Federal Courts Sketch Roadmap for Chapter 542A Removals

October 22nd, 2018 By Eric S. Peabody

As many commentators have noted, the addition of Texas Insurance Code Chapter 542A—the so-called “Hailstorm Bill”—has substantially reduced the volume of weather-related lawsuits against insurance companies since September 2017. In addition to imposing strict timelines for pre-suit notice and inspections and curbing potential penalties and attorneys’ fees awards, Chapter 542A affects the parties to, and potential venue of, a lawsuit by allowing the carrier to assume any liability an “agent” might have to the claimant (with certain exceptions) for the agent’s acts or omissions related to the claim. If the carrier assumes this liability in writing, no cause of action exists against the agent and the court is required to dismiss the action against the agent with prejudice.  Two recent federal cases, Massey v. Allstate Veh. & Prop. Ins. Co., No. H-18-1144, 2018 WL 3017431 (S.D. Tex. May 16, 2018), and Electro Grafix, Corp. v. Acadia Ins. Co., No. SA-18-CA-589-XR, 2018 WL 3865416 (W.D. Tex. Aug. 14, 2018), have examined how the procedure for obtaining this dismissal can have a significant impact on the removability of these suits to federal court.

In Massey, the carrier removed the case only after obtaining dismissal of the adjuster in state court. 2018 WL 3017431, at *1. The carrier filed its election of legal responsibility two months after filing its state-court answer, but also admitted that the adjuster had not been improperly or fraudulently joined initially.  Id. at *1-2. Despite this admission, the carrier argued that the state court’s subsequent dismissal was tantamount to a ruling of improper or fraudulent joinder—an exception to the general rule that a non-removable action becomes removable only by the voluntary act of the plaintiff rather than an involuntary act by the court. Id. at *2-3.  Finding that the dismissal was not equivalent to a dismissal for improper joinder (and noting that the removal would have been untimely if the adjuster had been improperly joined), the court granted the motion for remand. Id.at *3-4.

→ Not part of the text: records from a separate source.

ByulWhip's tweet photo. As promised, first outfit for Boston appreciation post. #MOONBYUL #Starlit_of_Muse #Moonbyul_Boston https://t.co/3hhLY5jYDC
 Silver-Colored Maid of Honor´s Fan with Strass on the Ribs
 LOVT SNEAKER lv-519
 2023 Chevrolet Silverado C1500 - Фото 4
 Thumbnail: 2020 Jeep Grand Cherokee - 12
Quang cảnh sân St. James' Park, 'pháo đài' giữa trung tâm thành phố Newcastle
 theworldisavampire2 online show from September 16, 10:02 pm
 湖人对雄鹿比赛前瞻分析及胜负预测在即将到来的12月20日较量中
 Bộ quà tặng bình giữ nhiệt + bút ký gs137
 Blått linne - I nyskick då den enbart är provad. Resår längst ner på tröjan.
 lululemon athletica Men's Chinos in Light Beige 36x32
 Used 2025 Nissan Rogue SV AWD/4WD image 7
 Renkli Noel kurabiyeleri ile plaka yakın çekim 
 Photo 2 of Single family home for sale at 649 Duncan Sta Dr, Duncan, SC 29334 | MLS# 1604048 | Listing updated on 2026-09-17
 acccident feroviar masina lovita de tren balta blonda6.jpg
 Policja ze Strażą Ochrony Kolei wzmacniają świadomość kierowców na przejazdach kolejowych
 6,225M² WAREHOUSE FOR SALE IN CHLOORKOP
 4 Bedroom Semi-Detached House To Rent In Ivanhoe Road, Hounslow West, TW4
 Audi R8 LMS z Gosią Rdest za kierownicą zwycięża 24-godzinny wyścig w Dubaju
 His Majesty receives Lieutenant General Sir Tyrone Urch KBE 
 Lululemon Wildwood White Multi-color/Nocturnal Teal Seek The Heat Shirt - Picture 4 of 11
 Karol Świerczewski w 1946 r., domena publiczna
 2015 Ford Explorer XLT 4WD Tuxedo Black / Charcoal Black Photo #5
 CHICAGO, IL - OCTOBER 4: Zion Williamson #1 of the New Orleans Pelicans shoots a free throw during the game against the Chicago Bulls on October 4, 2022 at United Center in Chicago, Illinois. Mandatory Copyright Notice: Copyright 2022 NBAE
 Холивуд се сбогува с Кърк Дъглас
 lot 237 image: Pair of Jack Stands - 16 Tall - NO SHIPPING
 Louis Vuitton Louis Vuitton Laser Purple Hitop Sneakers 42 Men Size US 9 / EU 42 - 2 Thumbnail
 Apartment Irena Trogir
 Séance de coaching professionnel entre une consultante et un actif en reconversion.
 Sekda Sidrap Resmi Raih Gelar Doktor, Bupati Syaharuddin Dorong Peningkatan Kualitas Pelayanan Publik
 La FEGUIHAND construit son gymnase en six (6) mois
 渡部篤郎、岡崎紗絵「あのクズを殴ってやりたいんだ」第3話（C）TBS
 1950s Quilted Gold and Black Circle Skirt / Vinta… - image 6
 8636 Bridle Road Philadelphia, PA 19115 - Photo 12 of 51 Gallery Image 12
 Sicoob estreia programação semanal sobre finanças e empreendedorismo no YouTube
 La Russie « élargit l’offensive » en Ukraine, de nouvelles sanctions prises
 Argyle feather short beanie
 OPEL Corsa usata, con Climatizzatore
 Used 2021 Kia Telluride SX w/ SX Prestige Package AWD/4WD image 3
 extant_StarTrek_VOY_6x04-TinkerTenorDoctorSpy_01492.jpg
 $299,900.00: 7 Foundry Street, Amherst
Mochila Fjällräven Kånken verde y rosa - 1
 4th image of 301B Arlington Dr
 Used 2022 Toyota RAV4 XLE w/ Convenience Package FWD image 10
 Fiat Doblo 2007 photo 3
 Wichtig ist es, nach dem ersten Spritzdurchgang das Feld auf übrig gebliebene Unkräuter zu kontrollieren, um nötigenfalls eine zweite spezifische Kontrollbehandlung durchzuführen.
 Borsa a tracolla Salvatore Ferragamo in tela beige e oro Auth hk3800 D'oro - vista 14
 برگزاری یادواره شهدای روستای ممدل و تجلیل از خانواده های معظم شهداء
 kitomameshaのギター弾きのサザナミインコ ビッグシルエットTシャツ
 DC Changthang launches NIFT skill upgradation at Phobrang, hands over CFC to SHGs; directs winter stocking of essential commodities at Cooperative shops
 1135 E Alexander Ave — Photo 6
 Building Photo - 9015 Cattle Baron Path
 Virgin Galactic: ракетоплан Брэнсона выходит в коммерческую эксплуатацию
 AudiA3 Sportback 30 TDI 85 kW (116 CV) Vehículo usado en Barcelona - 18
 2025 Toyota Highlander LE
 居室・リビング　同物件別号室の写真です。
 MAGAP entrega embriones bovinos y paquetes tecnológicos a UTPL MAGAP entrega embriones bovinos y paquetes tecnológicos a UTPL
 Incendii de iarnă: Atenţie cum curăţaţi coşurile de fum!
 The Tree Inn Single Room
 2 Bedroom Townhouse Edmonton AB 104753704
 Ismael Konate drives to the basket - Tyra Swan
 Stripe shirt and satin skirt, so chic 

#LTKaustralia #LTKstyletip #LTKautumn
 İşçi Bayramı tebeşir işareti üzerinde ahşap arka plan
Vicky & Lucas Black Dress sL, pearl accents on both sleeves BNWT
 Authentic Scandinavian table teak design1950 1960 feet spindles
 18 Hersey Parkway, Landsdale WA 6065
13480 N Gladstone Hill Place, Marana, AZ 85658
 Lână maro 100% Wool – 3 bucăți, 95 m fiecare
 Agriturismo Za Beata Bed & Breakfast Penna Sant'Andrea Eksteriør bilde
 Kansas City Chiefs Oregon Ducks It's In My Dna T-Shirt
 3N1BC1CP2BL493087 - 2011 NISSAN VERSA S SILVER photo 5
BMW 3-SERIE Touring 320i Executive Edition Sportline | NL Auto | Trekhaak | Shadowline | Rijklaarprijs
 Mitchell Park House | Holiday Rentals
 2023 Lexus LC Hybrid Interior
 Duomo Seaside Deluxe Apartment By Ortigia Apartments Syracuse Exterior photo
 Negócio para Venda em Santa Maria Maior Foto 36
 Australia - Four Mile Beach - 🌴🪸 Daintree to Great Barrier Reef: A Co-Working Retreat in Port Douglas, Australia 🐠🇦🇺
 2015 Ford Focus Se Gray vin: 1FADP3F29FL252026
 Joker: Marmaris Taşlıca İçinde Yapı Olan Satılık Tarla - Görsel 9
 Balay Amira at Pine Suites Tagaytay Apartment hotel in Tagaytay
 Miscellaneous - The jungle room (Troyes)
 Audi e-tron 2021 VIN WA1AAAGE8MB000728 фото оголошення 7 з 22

In contrast, in Electro Grafix, the carrier accepted its adjuster’s liability after suit was filed, but before the adjuster had been served with suit.  Id. at *1, 3.  The carrier timely removed the suit to federal court after it was served, alleging the adjuster was improperly joined because its acceptance of the adjuster’s liability under Chapter 542A eliminated all claims against the adjuster.  Id. at *3. In seeking remand, the plaintiff argued that the carrier’s letter accepting its agent’s liability was inadmissible because it was outside the four corners of the pleadings. Although a court is ordinarily limited in a removal/remand analysis to the face of the pleadings, the court noted that, in certain cases, it may pierce the pleadings and conduct a summary inquiry if a plaintiff has misstated or omitted discrete facts relevant to joinder. Id. Because Chapter 542A provides that all claims against the adjuster “shall” be dismissed following the carrier’s acceptance of liability, the court held that there was no reasonable basis of recovery against the adjuster under state law and he was improperly joined. Id. at *4.  The court denied the motion to remand.

Takeaways: Accepting agents’ legal responsibility early—before they appear or have been served—strengthens the argument that they have been improperly joined to defeat diversity.  Carriers should file removals timely and should not bank on subsequent dismissal of the agent under Chapter 542A to serve as a springboard to federal court.